*The problem:*
Please copy only the material from the line that has "Пакет полиэтиленовый с" to the very last line, both ends included, exactly as written and without pictures.

========================

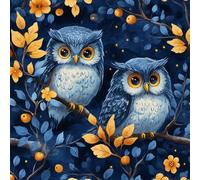 Cute Owl Self Adhesive Wallpaper Bird on a Branch Flower Contact Paper Peel and Stick Wallpaper Thicken Waterproof Matte with Sticky Back Canvas Wall Cabinets Furniture Stickers Decorate 0.4×20 m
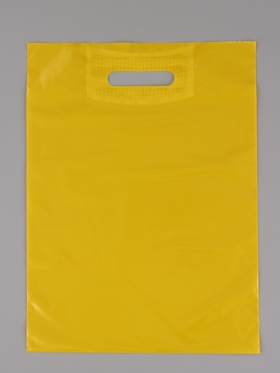 Пакет полиэтиленовый с вырубной ручкой, жёлтый 30 х 40 см, 60 мкм (комплект 50 шт)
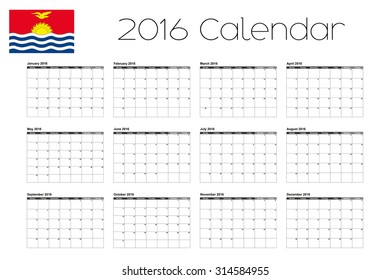 A 2016 Calendar with the Flag of Kiribati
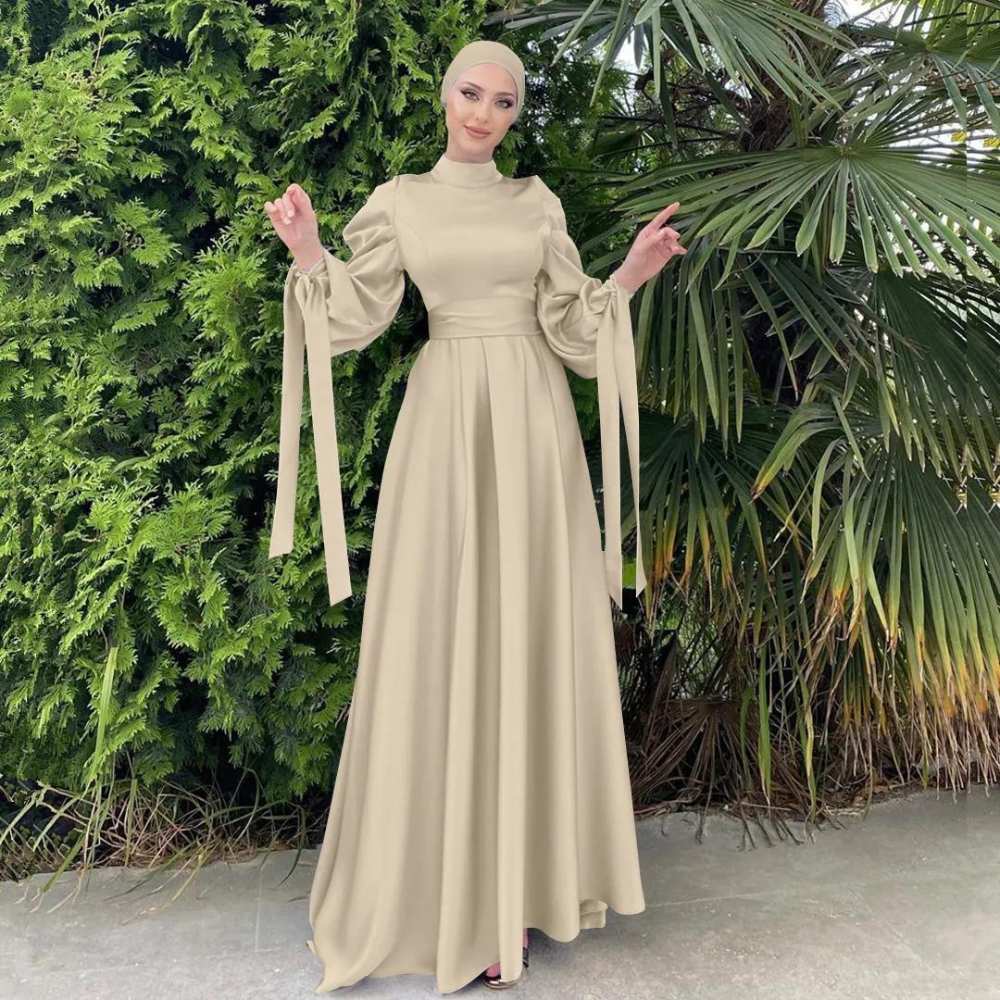 Beige Modest Satin Floor-Length Evening Dress, Long Puff Sleeves, Front View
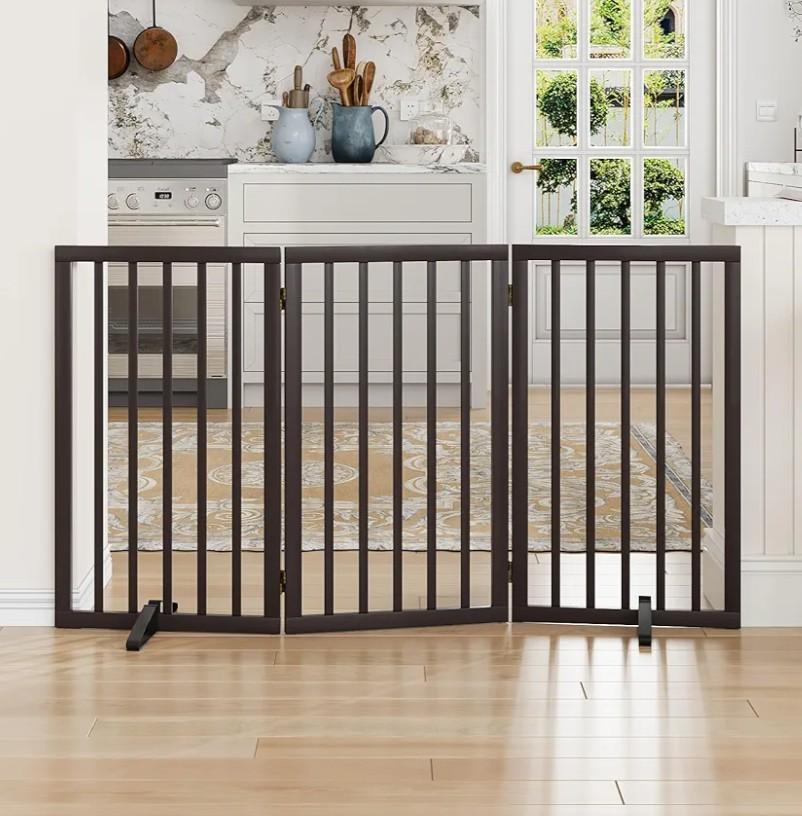 Dog Gate for Doorways 32" Tall Freestanding Dog Gate for Stair Foldable Pet Gate for Dogs Indoor (Brown,3 Panel)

========================

*Output:*
 Пакет полиэтиленовый с вырубной ручкой, жёлтый 30 х 40 см, 60 мкм (комплект 50 шт)
 A 2016 Calendar with the Flag of Kiribati
 Beige Modest Satin Floor-Length Evening Dress, Long Puff Sleeves, Front View
 Dog Gate for Doorways 32" Tall Freestanding Dog Gate for Stair Foldable Pet Gate for Dogs Indoor (Brown,3 Panel)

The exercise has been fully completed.